START Information given
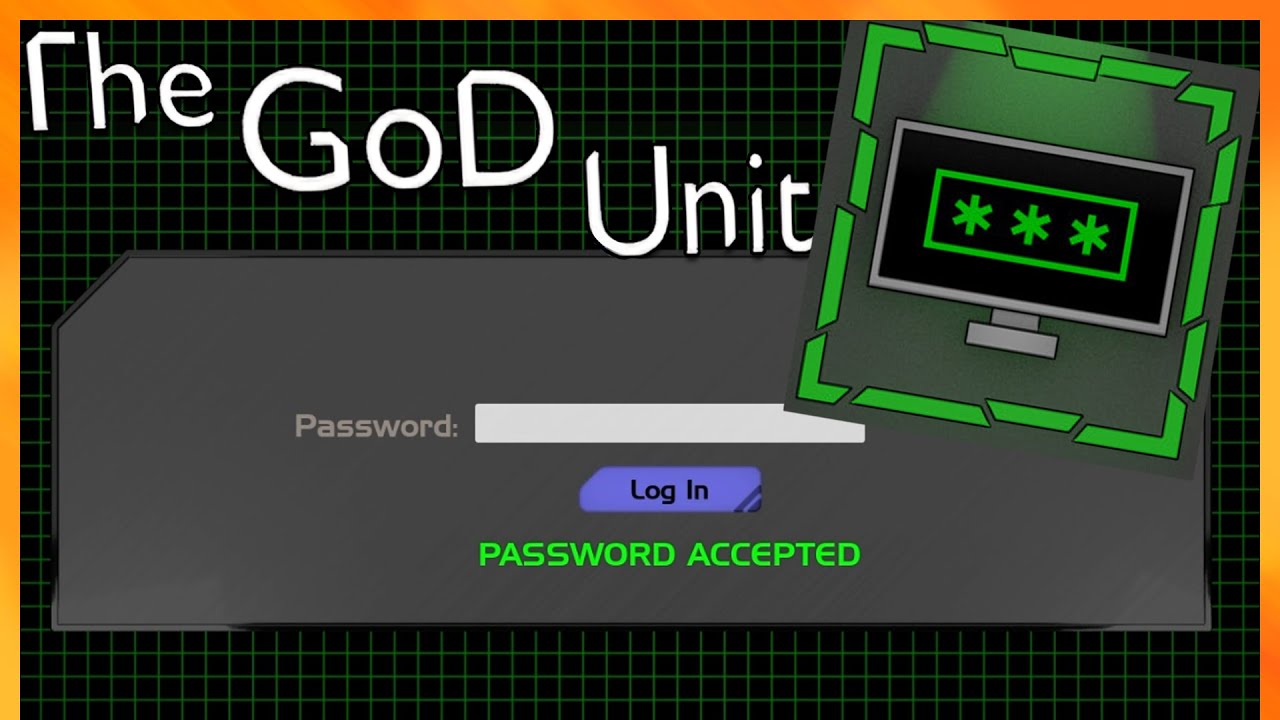 The GoD Unit - Partial Recall Achievement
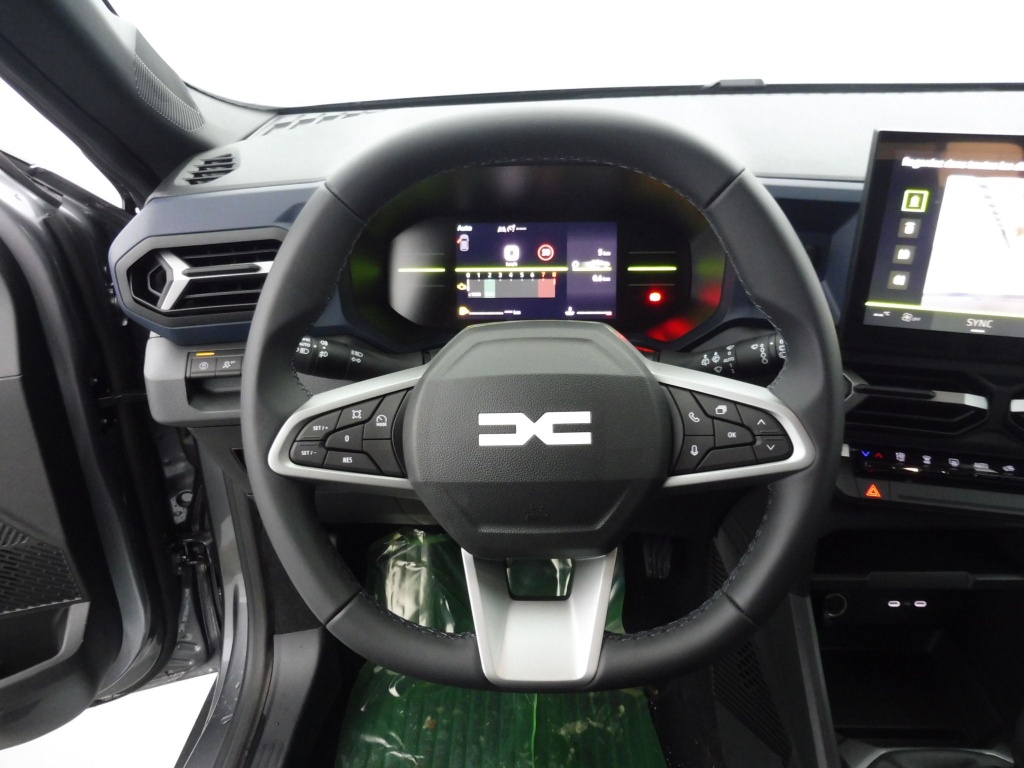 DACIA Bigster 1.2 MILD HYBRID 130CH EXPRESSION 4X4 - ref: 73604 - Photo 17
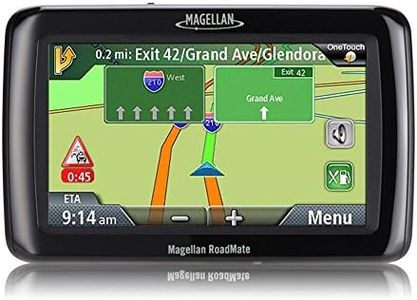 Magellan R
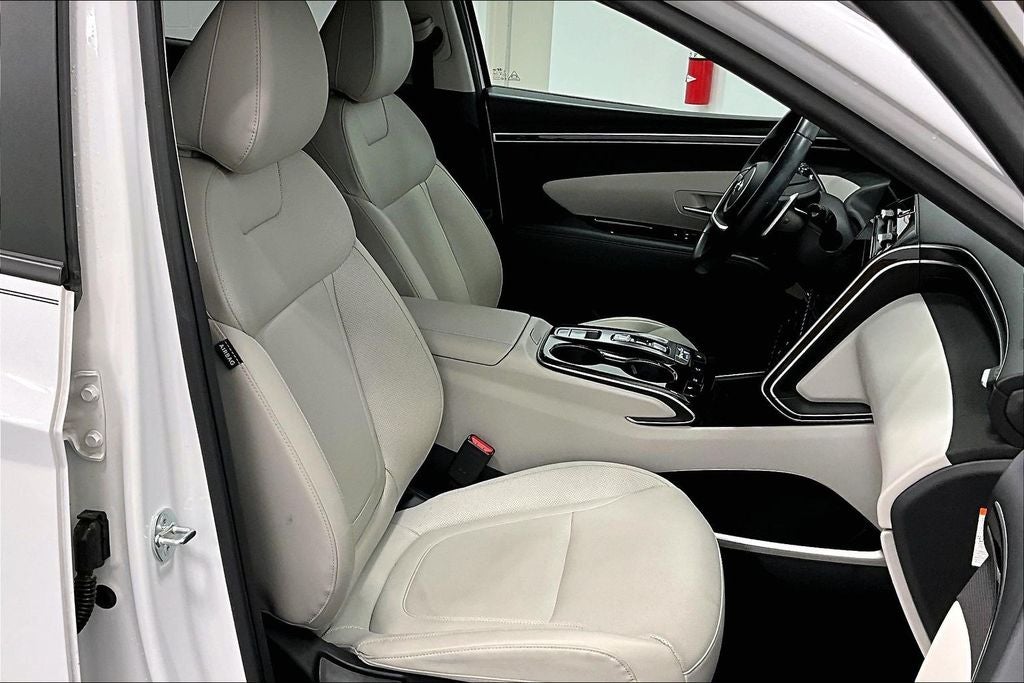 2023 Hyundai TUCSON HYBRID SEL Convenience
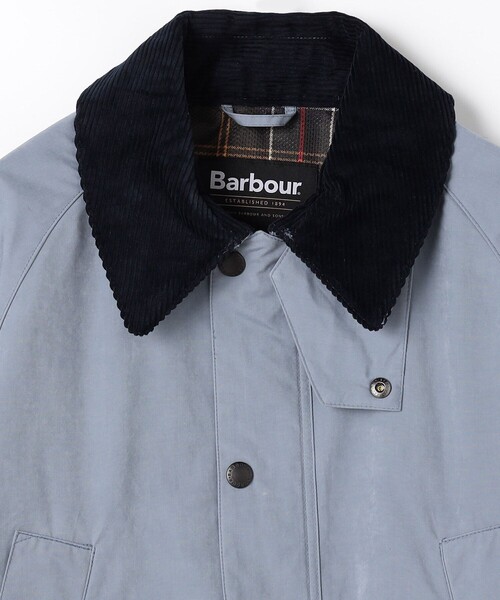 セール】Barbour/バブアー OS PEACHED BEDALE CASUAL JACKET（ブルゾン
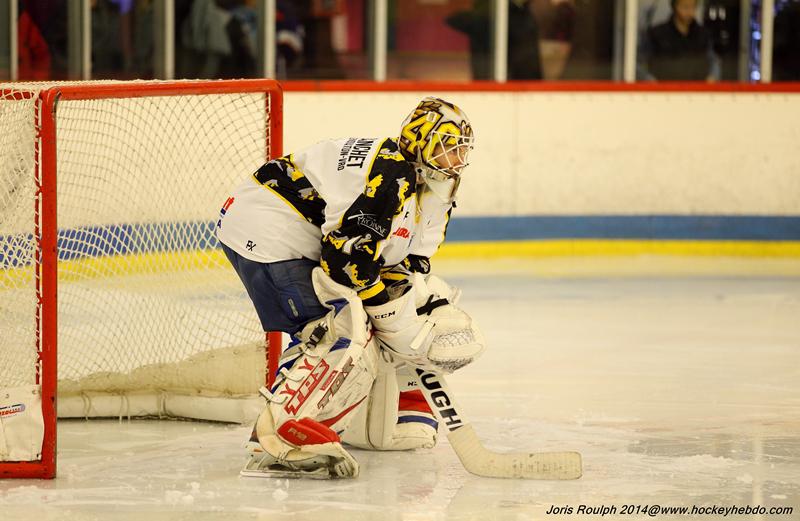 Avignon 3 - 6 Roanne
END Information given
#### Exercise
Without the pictures, copy all of the entries exactly as they appear.

#### Your response
 The GoD Unit - Partial Recall Achievement
 DACIA Bigster 1.2 MILD HYBRID 130CH EXPRESSION 4X4 - ref: 73604 - Photo 17
 Magellan R
 2023 Hyundai TUCSON HYBRID SEL Convenience
 セール】Barbour/バブアー OS PEACHED BEDALE CASUAL JACKET（ブルゾン
 Avignon 3 - 6 Roanne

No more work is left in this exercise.